Franziska Sielker is has been awarded a Newton International Fellowship for a two-year post-doctoral project at the University of Cambridge starting from March 2017. Prof. Phil Allmendinger is the host with the Department of Land Economy.
Franziskas project ‘POWER IN PLANNING – Stakeholders Choice of Power Channels in EU Sector Policies’ aims to analyse the ways how EU directives are implemented in different national contexts, and how in large-scale cooperation stakeholders influence the process.

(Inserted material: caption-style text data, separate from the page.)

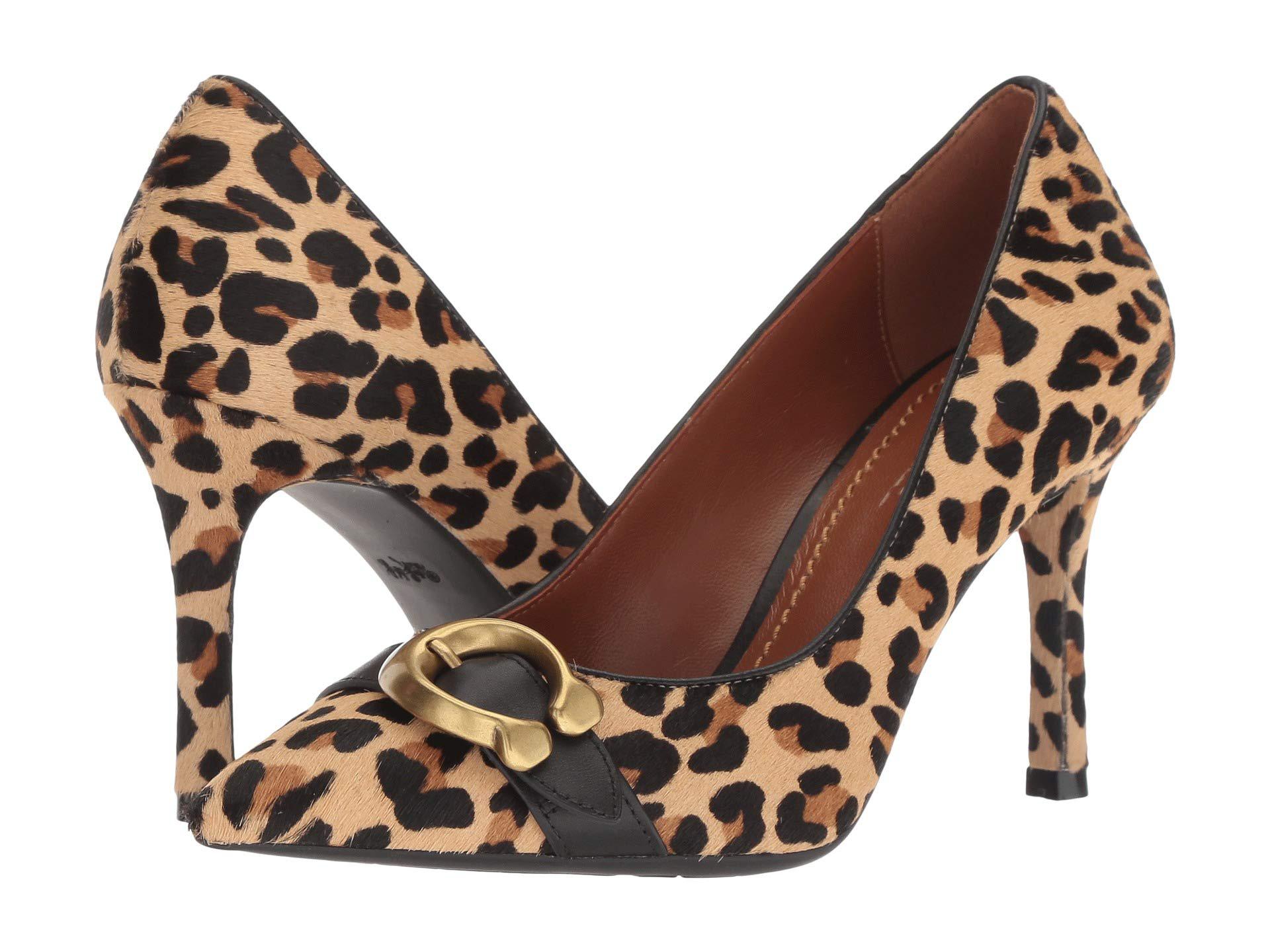 COACH Leather Waverly Pump With Signature Buckle (natural) Women's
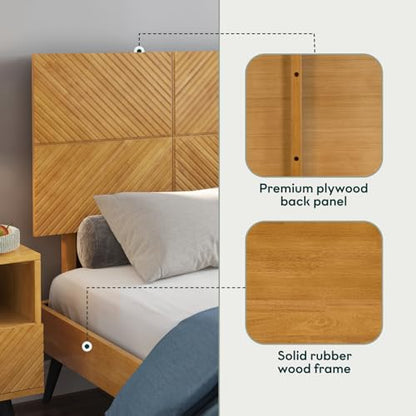 Bme Rhombus Queen Bed Frame – Solid Rubber Wood with Geometric Rhombus Headboard, Teak Brown Finish, Scandinavian Modern Platform Bed with Sturdy Slats & Metal Legs, No Box Spring Needed - color: Teak Brown, size: Queen, style: Scandinavian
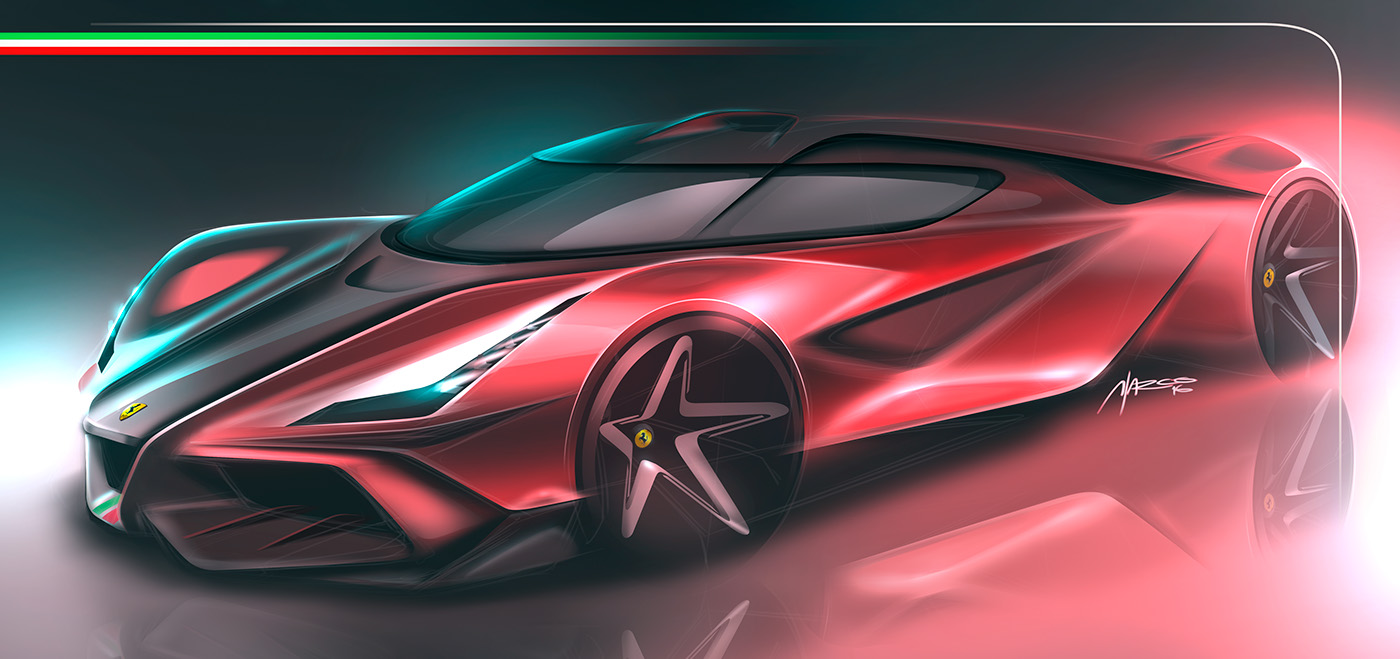 concept，Rendering，Sports car，Hand drawn，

The objective is to scrutinize stakeholders’ choices of different ‘power channels’ as ways to influence processes of planning in sectoral policies. Empirically the project intends to address two EU sectoral policies: The EU Maritime Spatial Planning Directive is the newest regulatory, legal framework that influences planning. By contrast, EU transport policy offers financial incentives in relation to national decision-making. The case study regions are the North Sea Region, the Alpine Region and the Danube Region.
The Newton International Fellowships scheme is run by the British Academy and the Royal Society. The Fellowship supports early stage post-doctoral researchers for two years at a UK research Institution to conduct a research project. The long-term aim of the scheme is to build a global pool of research leaders with long-term international collaboration with the UK.
Franziska recently finalized her dissertation at the University of Erlangen-Nuremberg on macro-regional strategies, in particular the Danube and Alpine regions (‘Macro-regional integration – New scales, spaces and governance for Europe?’) supported by a DAAD Jahresstipendium für DoktorandInnen. Before joining Tobias Chilla’s Team she studied Spatial Planning at the TU Dortmund University. Before finishing her studies, she served a traineeship at the ESPON Coordination Unit in Luxemburg and obtained a DAAD scholarship to prepare her diploma thesis on the macro‐regional strategy for the Danube region at the TU Vienna.
During her fellowship, Franziska will remain engaged in European projects of the Erlangen team.